### EXERCISE DETAILS
Leaving out the images, reproduce every line of the data that follows exactly.

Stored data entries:
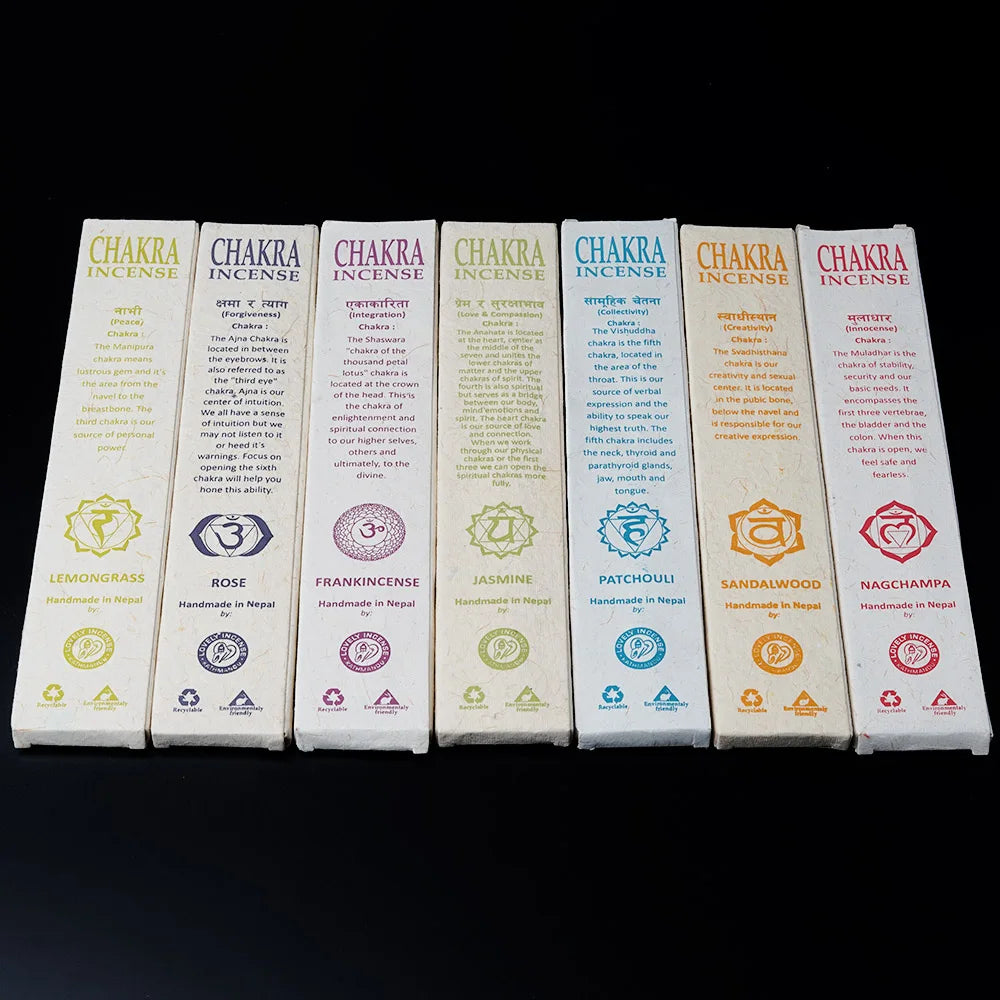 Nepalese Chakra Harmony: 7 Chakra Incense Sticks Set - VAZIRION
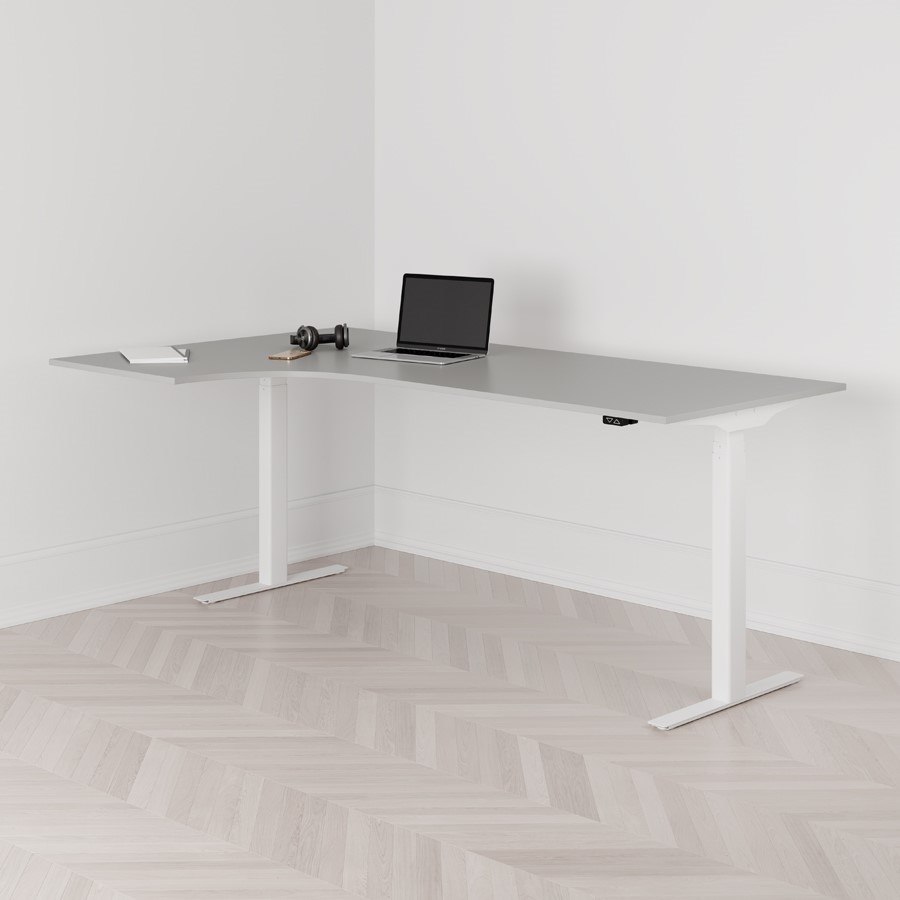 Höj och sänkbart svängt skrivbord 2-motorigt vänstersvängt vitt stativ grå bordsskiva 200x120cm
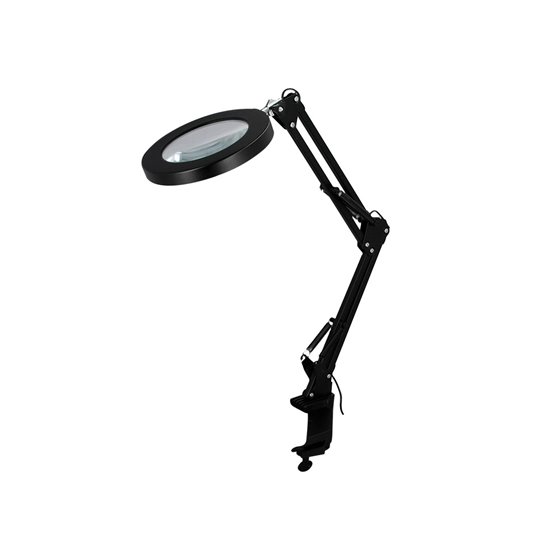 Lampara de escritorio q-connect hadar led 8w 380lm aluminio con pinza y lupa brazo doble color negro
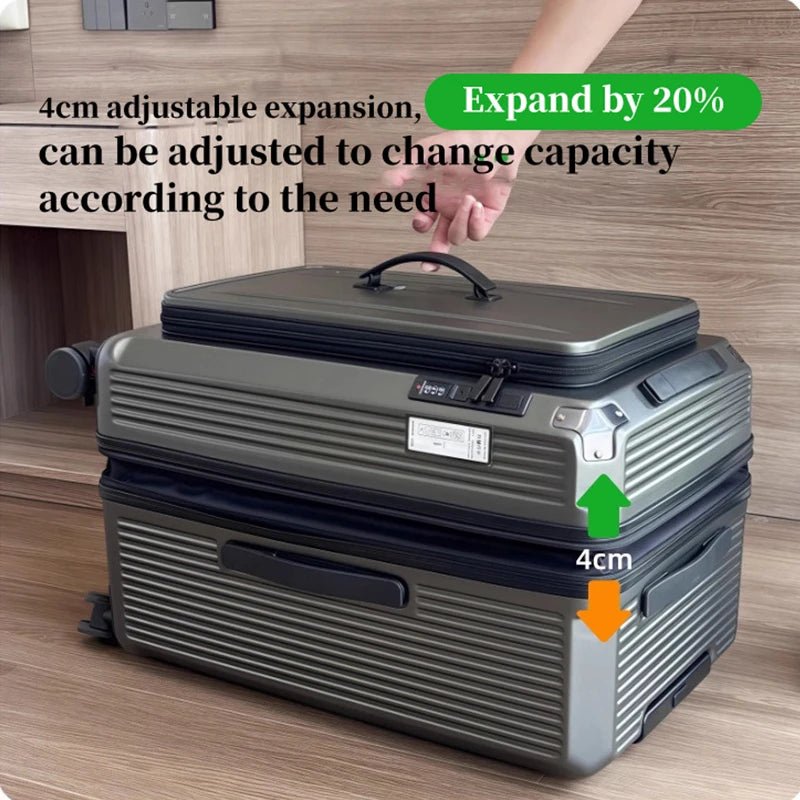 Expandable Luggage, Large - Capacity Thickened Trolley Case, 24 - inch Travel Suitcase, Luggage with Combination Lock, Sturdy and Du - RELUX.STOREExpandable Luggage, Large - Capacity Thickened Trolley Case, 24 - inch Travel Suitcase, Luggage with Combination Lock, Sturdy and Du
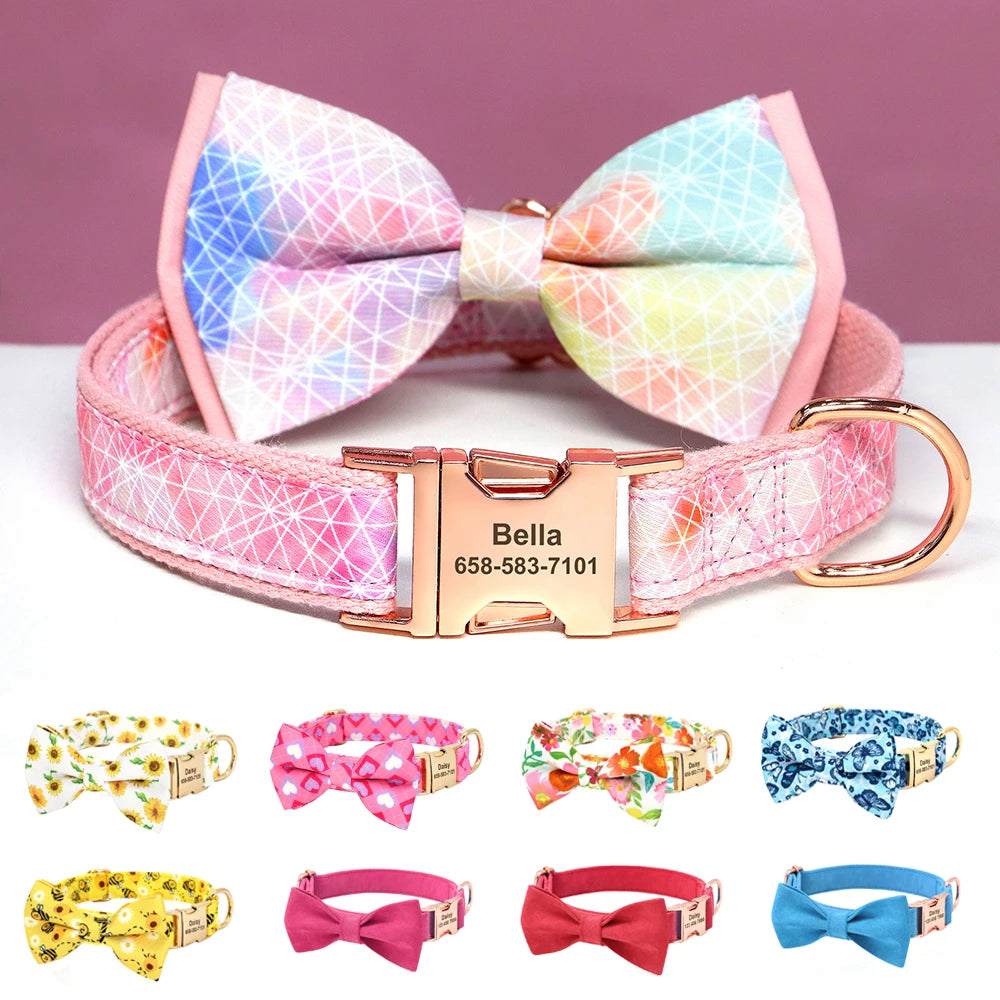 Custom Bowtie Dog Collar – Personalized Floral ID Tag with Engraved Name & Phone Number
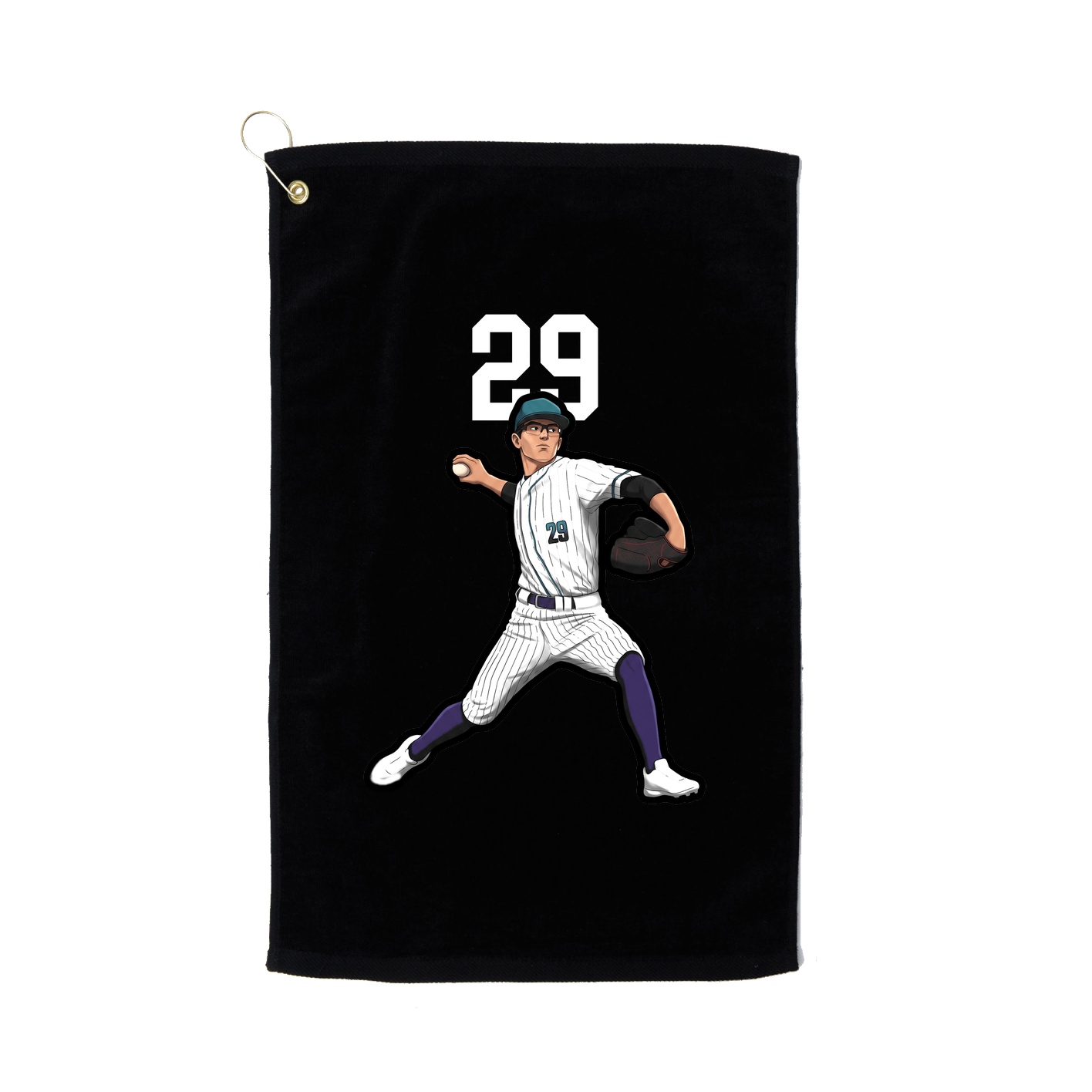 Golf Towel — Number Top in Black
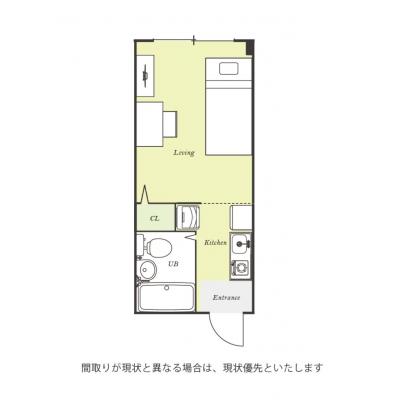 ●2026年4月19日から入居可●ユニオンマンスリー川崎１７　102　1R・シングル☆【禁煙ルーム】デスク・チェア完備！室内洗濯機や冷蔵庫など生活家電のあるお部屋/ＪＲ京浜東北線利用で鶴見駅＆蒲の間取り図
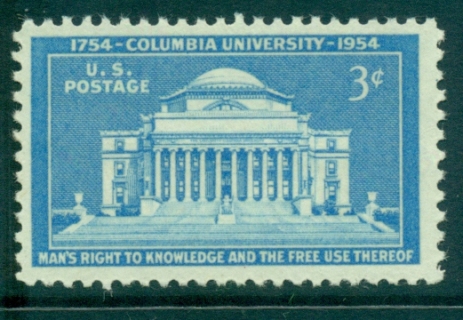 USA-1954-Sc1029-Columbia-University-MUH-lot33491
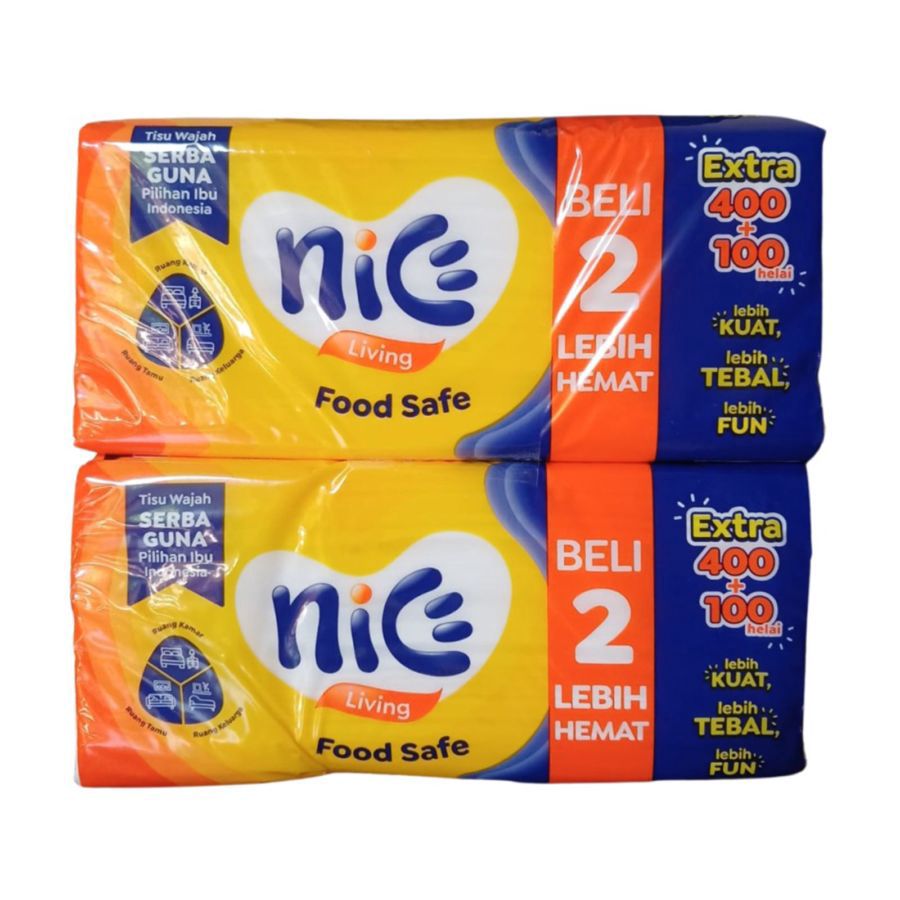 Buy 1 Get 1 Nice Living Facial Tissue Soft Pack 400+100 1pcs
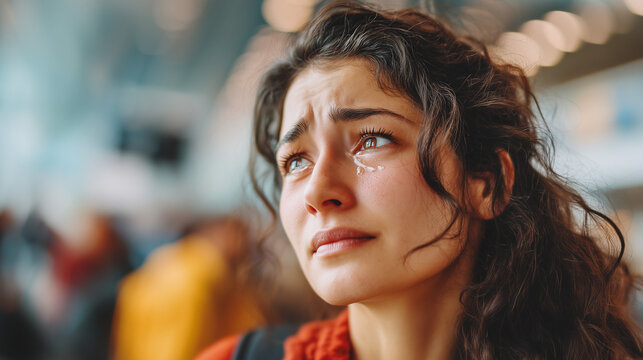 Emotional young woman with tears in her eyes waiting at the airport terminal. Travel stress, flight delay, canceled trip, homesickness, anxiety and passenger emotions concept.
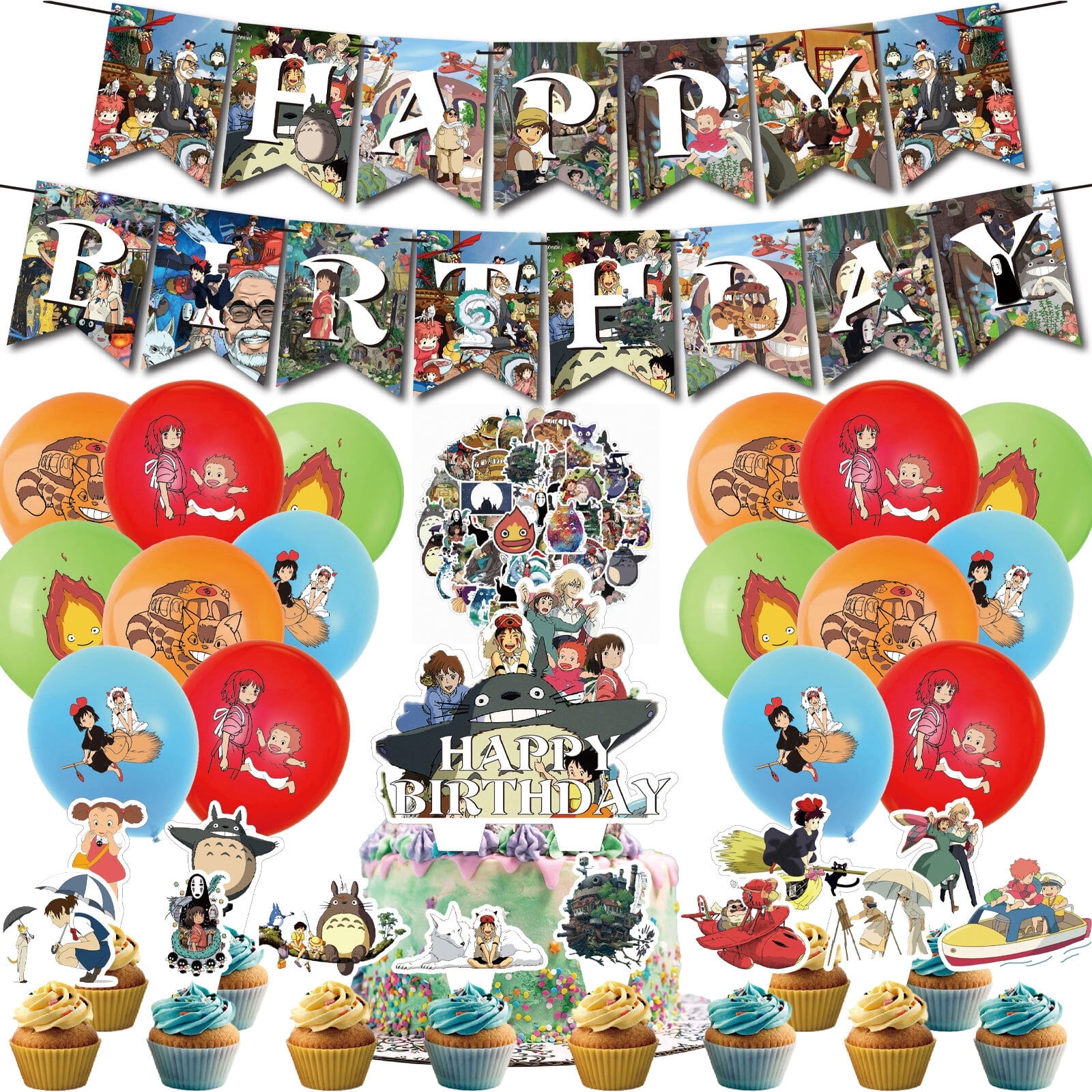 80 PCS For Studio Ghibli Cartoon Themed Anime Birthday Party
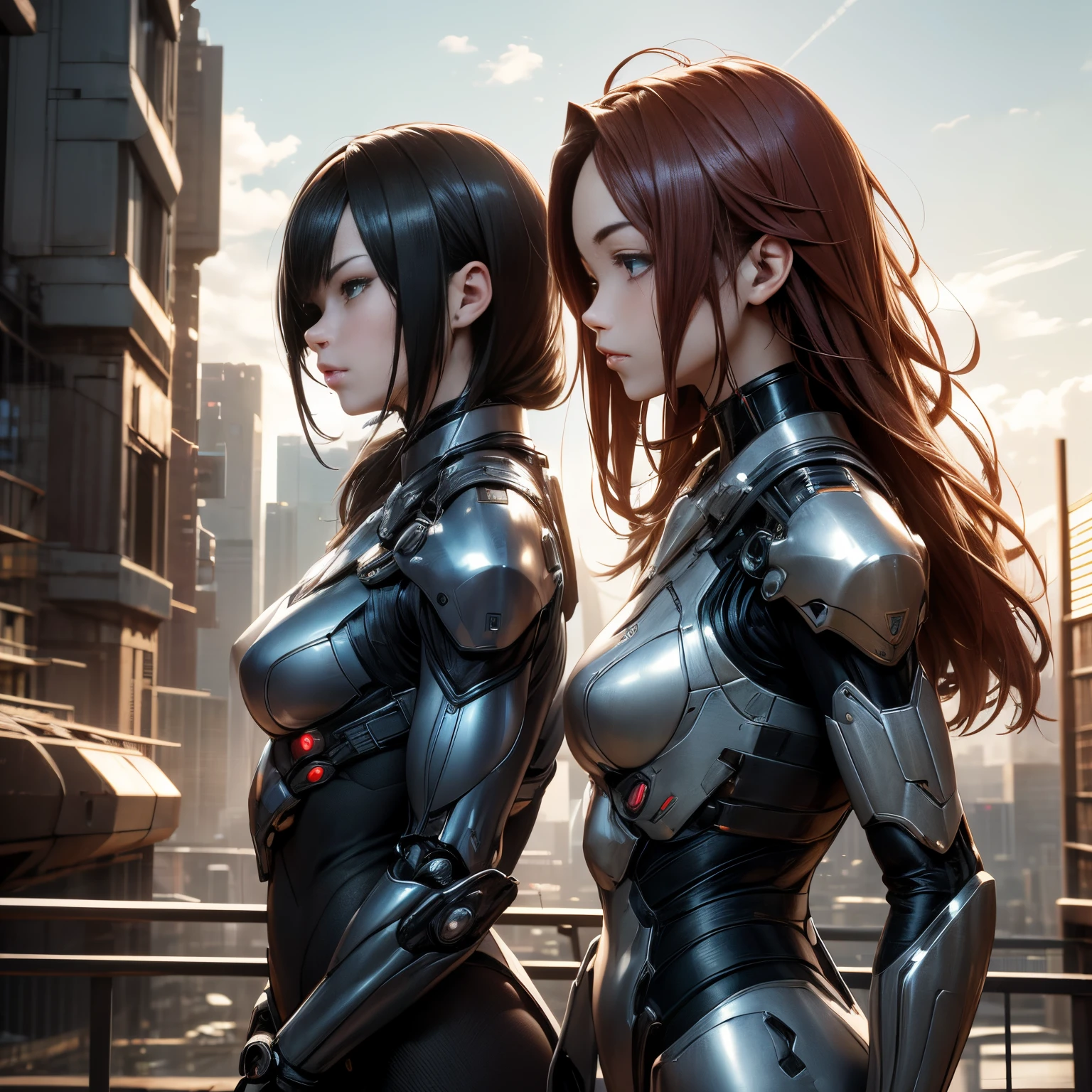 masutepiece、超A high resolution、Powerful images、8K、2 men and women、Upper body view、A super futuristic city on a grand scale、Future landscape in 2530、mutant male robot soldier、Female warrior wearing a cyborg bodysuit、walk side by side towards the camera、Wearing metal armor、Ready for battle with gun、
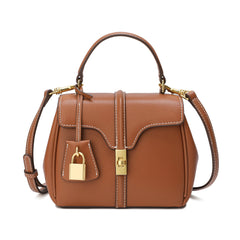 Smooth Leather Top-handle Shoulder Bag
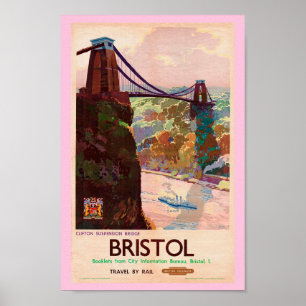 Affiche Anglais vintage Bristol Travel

### EXERCISE ANSWER
 Nepalese Chakra Harmony: 7 Chakra Incense Sticks Set - VAZIRION
 Höj och sänkbart svängt skrivbord 2-motorigt vänstersvängt vitt stativ grå bordsskiva 200x120cm
 Lampara de escritorio q-connect hadar led 8w 380lm aluminio con pinza y lupa brazo doble color negro
 Expandable Luggage, Large - Capacity Thickened Trolley Case, 24 - inch Travel Suitcase, Luggage with Combination Lock, Sturdy and Du - RELUX.STOREExpandable Luggage, Large - Capacity Thickened Trolley Case, 24 - inch Travel Suitcase, Luggage with Combination Lock, Sturdy and Du
 Custom Bowtie Dog Collar – Personalized Floral ID Tag with Engraved Name & Phone Number
 Golf Towel — Number Top in Black
 ●2026年4月19日から入居可●ユニオンマンスリー川崎１７　102　1R・シングル☆【禁煙ルーム】デスク・チェア完備！室内洗濯機や冷蔵庫など生活家電のあるお部屋/ＪＲ京浜東北線利用で鶴見駅＆蒲の間取り図
 USA-1954-Sc1029-Columbia-University-MUH-lot33491
 Buy 1 Get 1 Nice Living Facial Tissue Soft Pack 400+100 1pcs
 Emotional young woman with tears in her eyes waiting at the airport terminal. Travel stress, flight delay, canceled trip, homesickness, anxiety and passenger emotions concept.
 80 PCS For Studio Ghibli Cartoon Themed Anime Birthday Party
 masutepiece、超A high resolution、Powerful images、8K、2 men and women、Upper body view、A super futuristic city on a grand scale、Future landscape in 2530、mutant male robot soldier、Female warrior wearing a cyborg bodysuit、walk side by side towards the camera、Wearing metal armor、Ready for battle with gun、
 Smooth Leather Top-handle Shoulder Bag
 Affiche Anglais vintage Bristol Travel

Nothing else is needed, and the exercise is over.